Market manipulation through artificial liquidity
The practice of wash trading involves the purchase and sale of a security, commodity or cryptocurrency by the same person or by coordinated actors to simulate deceptive activity in the market. The goal is to spread false information about trading volume to mislead other investors. The practice artificially inflates trading volume and illegitimately increases value.

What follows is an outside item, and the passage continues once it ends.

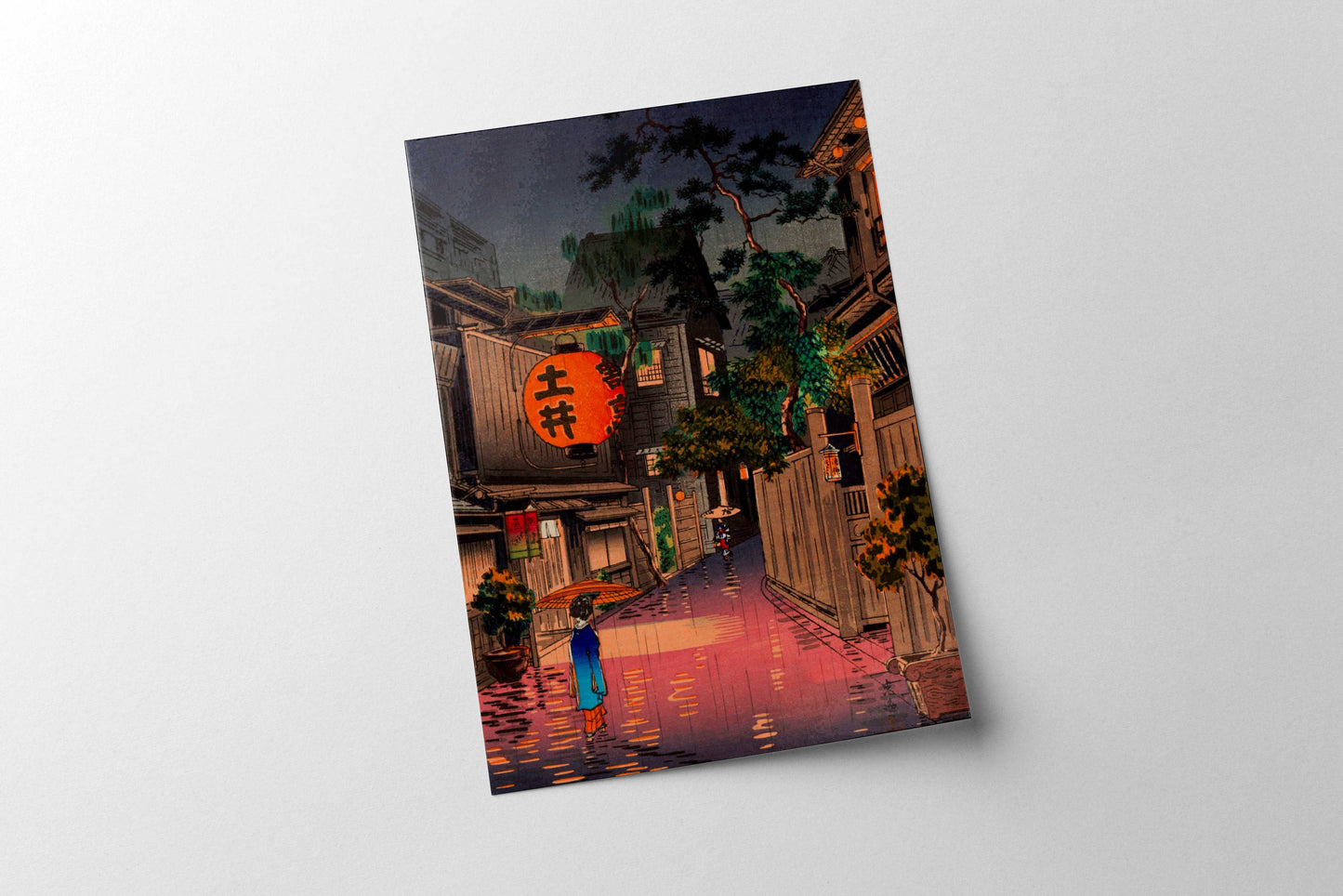 Koitsu - Evening at Ushigome: 8x10 inch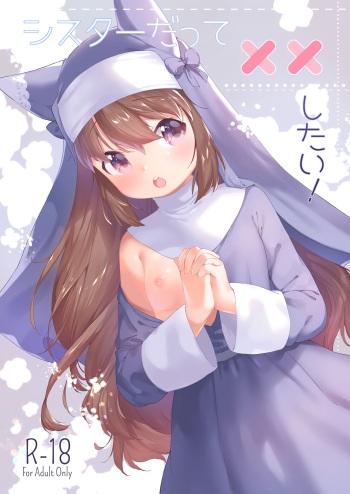 [ANCHOR (Mutou Mato)] Sister datte XX Shitai! | She's a Sister But She Wants XX! [English] [LoliAce] [Digital] cover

The technique behind wash trading is relatively simple: an actor executes a buy and sell order for the same asset simultaneously, without any actual change in market conditions or ownership. These orders are executed at similar prices and often within short time intervals, creating artificial trading volume. This can give the appearance that there is high demand or liquidity for the asset.
Many negative effects
The negative effects of wash trading are many and can lead to the pricing mechanism being distorted. By artificially inflating trading volume, assets appear more popular or liquid than they actually are. This can lead to erroneous investment decisions, as investors often make decisions based on trading volume and market activity, and the inflated liquidity leads them to believe that the asset is popular and potentially profitable. The practice also undermines confidence in the markets. In addition, wash trading can lead to market manipulation, which can lead to other illegal activities, such as insider trading or fraud. The ability to artificially influence market conditions can be used to make ill-gotten gains, which is harmful to both the economy and investors.
NFT markets particularly affected
In the EU, the practice falls under the scope of market manipulation, which is regulated in Article 12 of the EU Market Abuse Regulation (MAR) and prohibited under Article 15 MAR. In other countries, price distortion is also punishable.
Wash trading is a significant problem, especially in unregulated markets such as NFTs . A 2024 study shows that the NFT marketplace LooksRare has a wash trading volume of 94.5 percent, while the X2Y2 marketplace is at 84.2 percent. NFT markets with incentive structures would therefore have a significantly larger share of wash trading than those without incentive structures.